At last! I was wondering when this film was going to be reviewed.
We have this in our archive on 16mm, believe it or not and the DVD has just been released locally.
I have a rather personal attachment to this film: my folks and I were on holiday in South Africa in 1977 at a mineral bath resort named Tchipise, which is in the north of South Africa. After staying there about three days, we found a note under our door asking us to come to the manager's office. It turned out all the residents had been given the same notice. The manager asked us to kindly pack up and leave as the place had been booked out for three months due to filming there but that we (all of us) would be refunded our money in full. So thanks to Messrs Moore, Kruger, Harris and Burton we were able to head further South and spend a welcome holiday with my mom's family.
Controversial that it was filmed here in South Africa? No, sir. It was a pioneering film. The producer Euan Lloyd had informed the SA government (no film commissions here back then) that there would be no apartheid on set, all races would live, eat, work and do everything together or no film. They agreed to this. This set the tone for all foreign films made here up until 1994.
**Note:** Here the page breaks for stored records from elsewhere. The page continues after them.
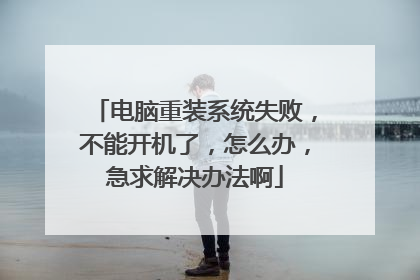 电脑重装系统失败,不能开机了,怎么办,急求解决办法啊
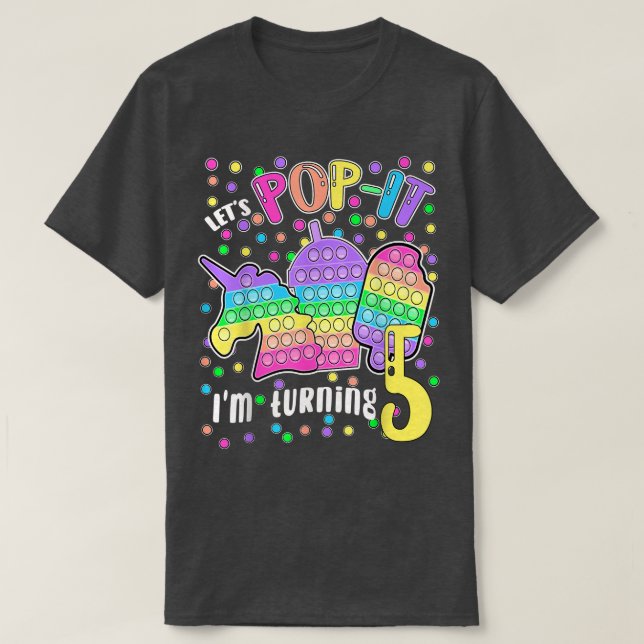 Låt oss Popit Jag blir 5 färgstarka 5:e födelsedag T Shirt (Design framsida)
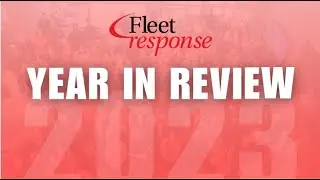 Fleet Response Year In Review - 2023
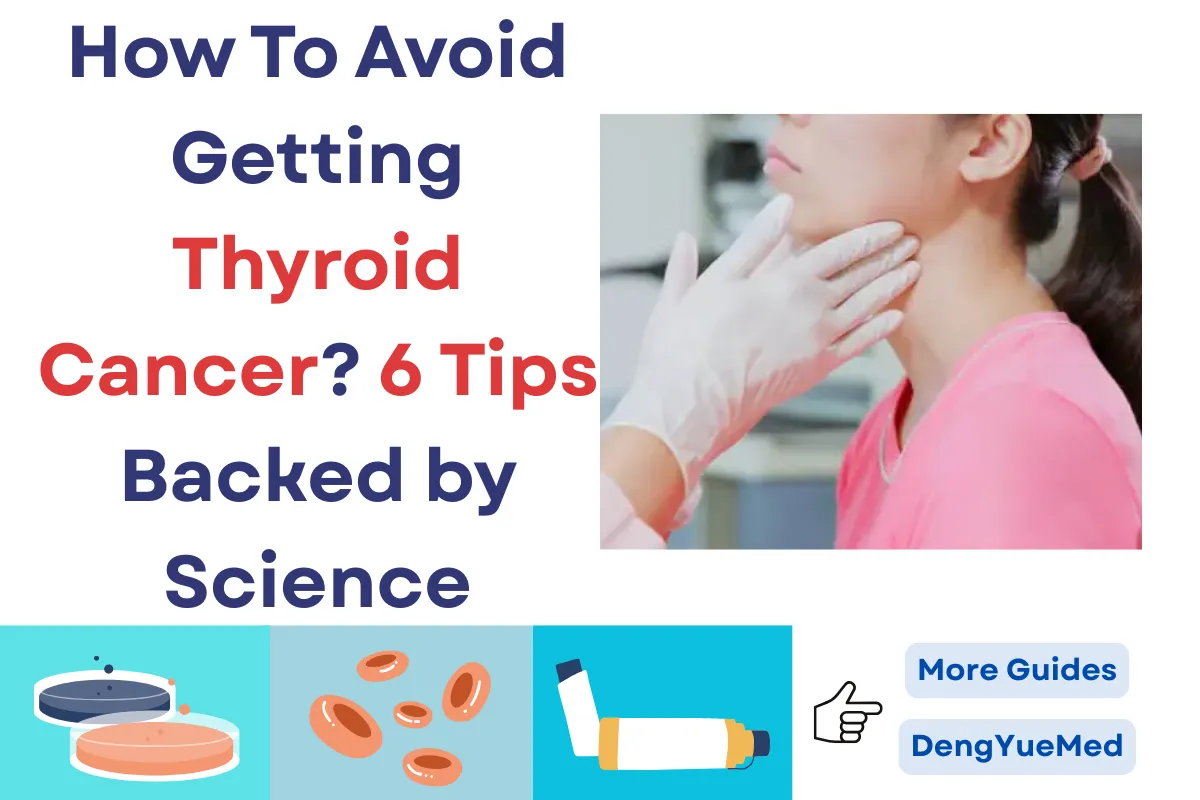 How To Avoid Getting Thyroid Cancer? 6 Tips Backed by Science How To Avoid Getting Thyroid Cancer? 6 Tips Backed by Science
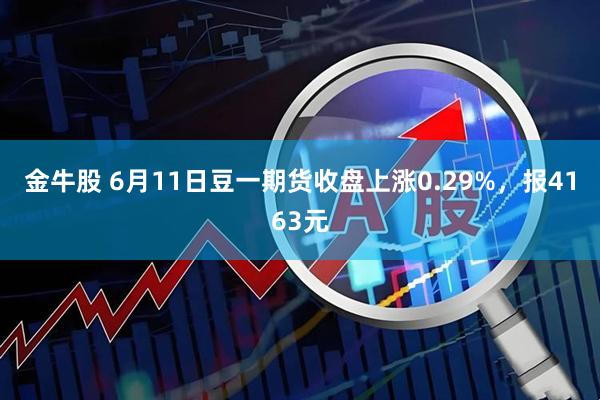 金牛股 6月11日豆一期货收盘上涨0.29%,报4163元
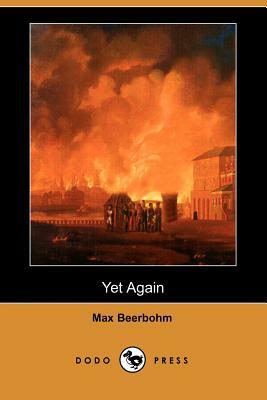 Yet Again (Dodo Press) by Max Beerbohm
Apartheid: So distanced was this film and its' makers from apartheid that the film was released to multiracial audiences uncut and for the first time ever, sounded the death knell for separate audiences in South Africa cinemas. So, this is a historic film in many ways.
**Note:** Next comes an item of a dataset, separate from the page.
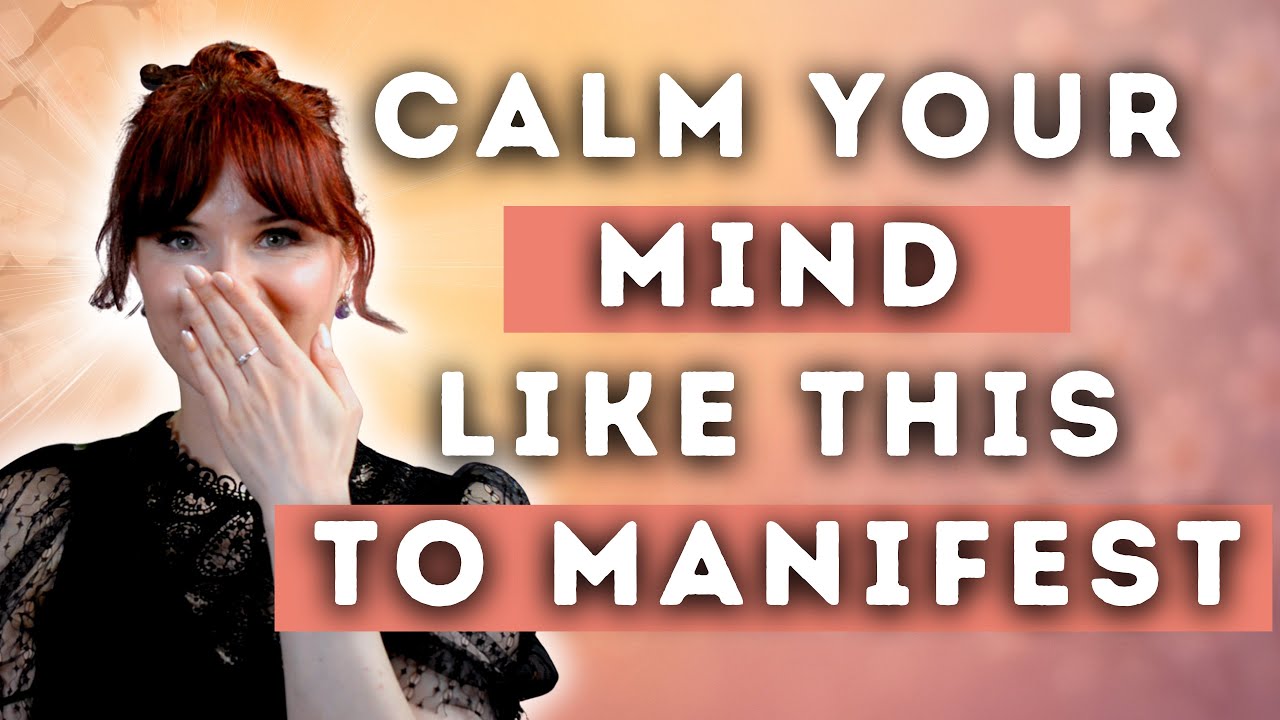 My MIND won't stop RACING when I try to manifest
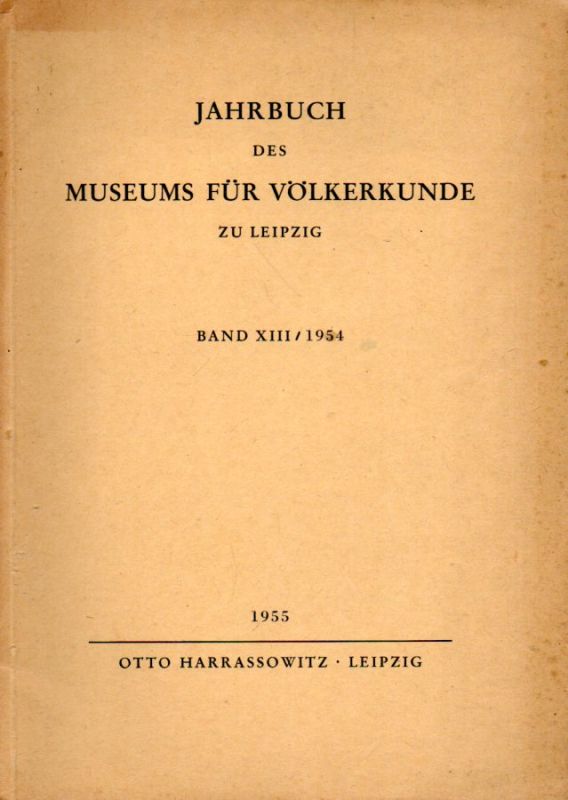 Museum für Völkerkunde zu Leipzig  Jahrbuch des Museums für Völkerkunde zu Leipzig Band XIII / 1954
The character of Pieter Coetzee as played by the great German actor Hardy Kruger is portrayed as an out and out racist, until he comes to realize that the man he is trying to save and that he is carrying around on his back, is worth saving and that he is a honourable man. He in fact dies saving this man that he had previously dismissed as being less than himself. In the book by Daniel Carney, Pieter is a Rhodesian (as I am) and in the film he is a South African.
An excerpt from my book
Riding The High Wind:
THE WILD GEESE* (1978) ANDREW V. McLAGLEN
Based on the novel of the same name by Rhodesian author Daniel Carney, this was a breakthrough production in many respects, i.e. it was the most expensive movie made to date, it was the very first non-segregated production made in South Africa and it was also the first film released locally to both black and white audiences at the same time.
Thus, despite the liberal usage of the so called ‘k’ word (courtesy actor Hardy Kruger’s character of Peter Coetzee), it was a pioneering film in many ways. A band of mercenaries is sent into Africa to rescue a Nelson Mandela-like leader from the clutches of his worst enemy and while they are about their business in the bush, behind the scenes machinations doom them and their efforts.
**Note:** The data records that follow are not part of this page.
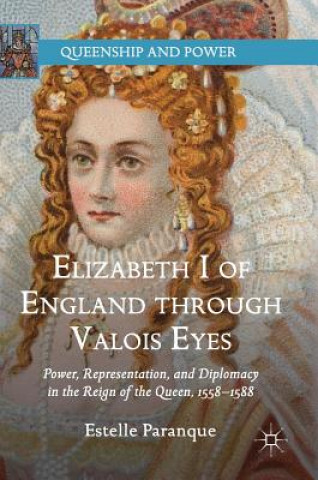 Kniha Elizabeth I of England through Valois Eyes Estelle Paranque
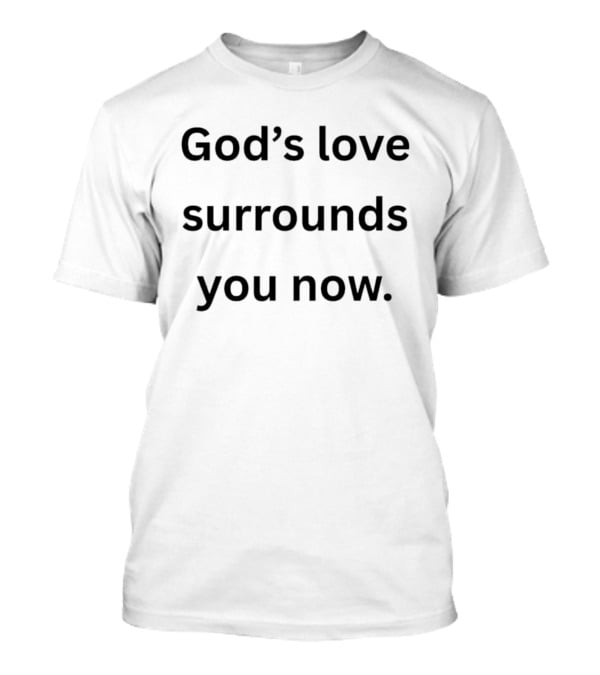God's Love Surrounds You Now Encouragement Message T-Shirt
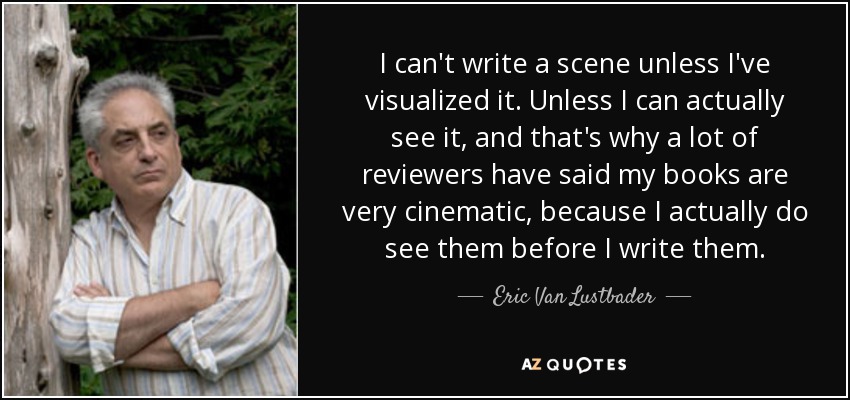 I can't write a scene unless I've visualized it. Unless I can actually see it, and that's why a lot of reviewers have said my books are very cinematic, because I actually do see them before I write them. - Eric Van Lustbader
A first rate action thriller, written by Reginald Rose, with effective music by Roy Budd, editing by future ‘James Bond’ director John Glen and cinematography by Jack Hildyard, B.S.C. Starring Richard Burton, Richard Harris, Roger Moore, Hardy Kruger, Stewart Granger, Barry Foster, Ian Yule and Kenneth Griffith, plus a supporting cast of excellent South African players including John Kani, Winston Ntshona and Ken Gampu.